Het Hooglied in de canon van het Oude Testament (IV)
„Ik ben zwart, doch lieflijk, gij dochteren van Jeruzalem,. . . ". Wat betekenen deze woorden uit Hoogl. 1:5? Een allegorische uitlegger gebruikt de woorden als springplank om bij het „geestelijke" te komen: de zwartheid is de uiterlijke mismaaktheid van de staat der kerk, de gemeente van Christus is lieflijk overmits zij gezuiverd is door het bloed en de Geest van Christus, de dochters van Jeruzalem zijn alle gelovige kinderen Gods. Aldus de kanttekeningen bij de Statenvertaling. Bij zo'n soort - mooie! - uitleg hoeft de vraag waarom Hooglied in de canon staat, dus in die boeken waarvan wij zeggen: die hebben het over ons te zeggen, niet eens gesteld te worden. Alleen - het stáát er niet. De tekst hééft het niet over de verdorven kerk en de doop en het hemelse Jeruzalem, maar over een meisje dat „zwart" is, d.w.z. door de zon donkerbruin gekleurd (het hebreeuws heeft geen woord voor „bruin"), door de zon verbrand omdat ze altijd zwaar werk heeft moeten verrichten in de wijngaard (1:6).

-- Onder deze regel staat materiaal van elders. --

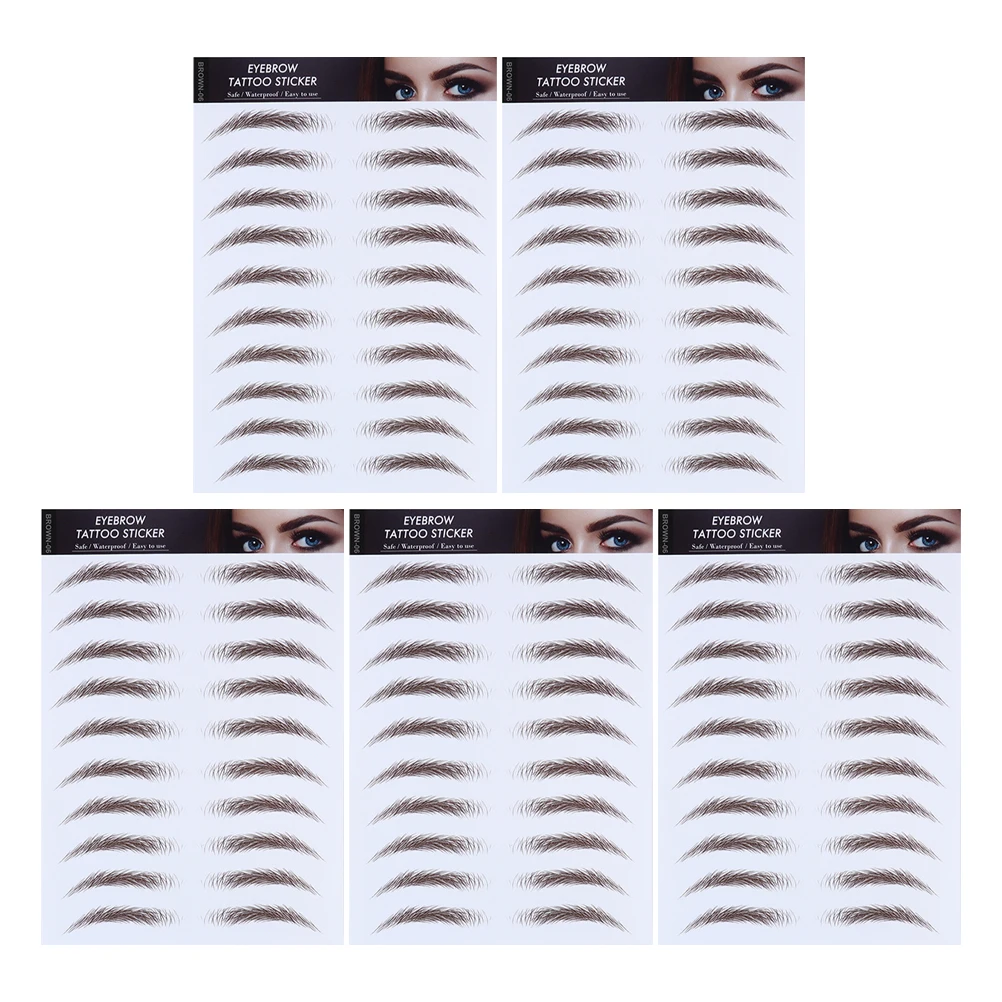 

5pcs 6D Transfers Stickers Bionic Tattoos Temporary Artificial Eyebrow Tools Waterproof Eyebrow Makeup Stencils For Sparse Light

Een meisje, dat tóch „lieflijk", knap is. De blanke teint van de huid gold als bekoorlijk; de stadsmeisjes konden ervoor zorgen dat ze mooi blank bleven, dit plattelandsmeisje niet. En tóch is ze lieflijk!

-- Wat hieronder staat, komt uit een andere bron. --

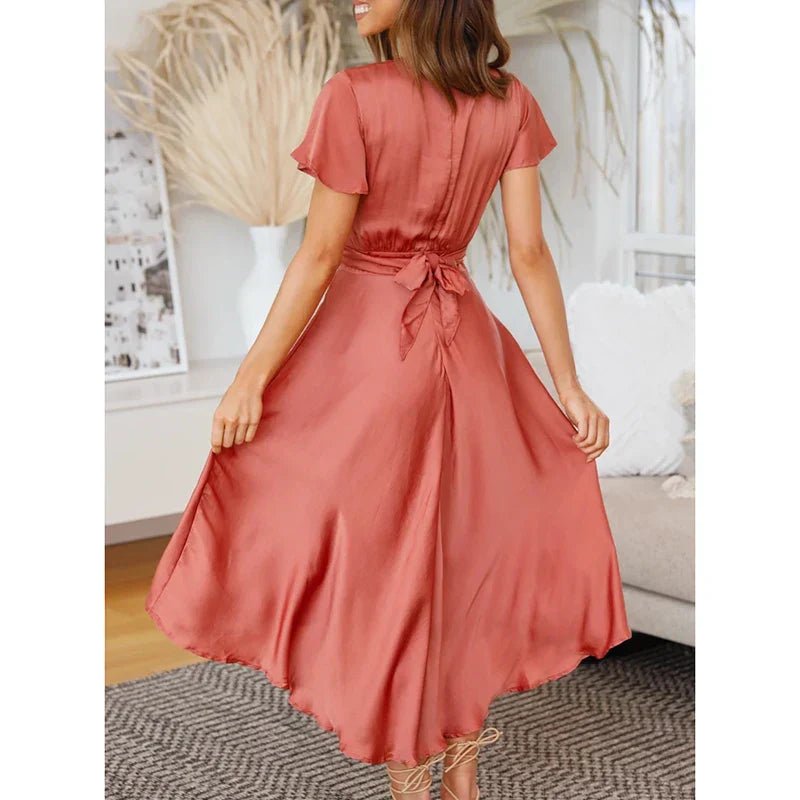 Women's Cocktail Satin Wrap Midi Party Dress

In het vorige artikel zagen we, dat wel zeer waarschijnlijk de letterlijk-natuurlijke uitleg van Hooglied de meest oorspronkelijke was. Maar al heel snel kwam de allegorische verklaring op, die de letterlijk-natuurlijke uitleg verdrong, soms zelfs „in de ban" deed. Hoe komt dit toch? Waarom was er zó snel al voor het besef van de mensen in de canon géén plaats meer voor een boek waar het over een blanke of bruine huid gaat, over stadsmeisjes en een plattelandsmeisje, over geliefden die elkaar diep in de ogen zien en elkaars schoonheid prijzen (1:16,17)?

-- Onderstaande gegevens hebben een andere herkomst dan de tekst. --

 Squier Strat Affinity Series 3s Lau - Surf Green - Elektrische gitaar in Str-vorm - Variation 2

De geschiedenis van de exegese van Hooglied mag dan op een theologisch rariteitenkabinet lijken, zoals iemand eens zei, maar in een bepaald opzicht kan ze ook onthullend zijn.
Niet door de christelijke kerk, maar door de rabbijnen is het Hooglied voor het eerst allegorisch uitgelegd. De naam van rabbi Aqiba werd al genoemd. Hij was niet de eerste, maar wel de belangrijkste pleitbezorger van de allegorische Hoogliedinterpretatie. Wee je gebeente, als je het niet allegorisch uitlegt, zei Aqiba, want dan heb je geen deel aan de komende wereld. Wanneer we wat nader toezien, is het eigenlijk ook niet eens onbegrijpelijk waarom in de eerste eeuw n. Chr. in het jodendom deze lijn van uitleg doorgedreven werd. Vrouwen mochten alleen in de buitenste gedeelten van de Tempel komen. De vrouw werd meer en meer gezien als afwijkend, de man als normaal en als norm. De leerlingen van rabbi Aqiba verplichtten de joodse man tot de dagelijkse dank aan God dat Hij hem niet als vrouw geschapen heeft. Zo werd het Hooglied, met z'n tamelijk rondborstig taalgebruik, steeds meer als aanstootgevend ervaren. Want in dat Hooglied zijn man en vrouw gelijkwaardig, ja neemt juist de vrouw vaak het initiatief. Om nu deze oude teksten, die min of meer haaks kwamen te staan op de moderne levensbeschouwing, toch als canoniek te kunnen blijven erkennen, werd de allegorische methode gepraktiseerd. En er zullen wel meer redenen geweest zijn. Hoe stond men tegenover het lichamelijke, het sexuele?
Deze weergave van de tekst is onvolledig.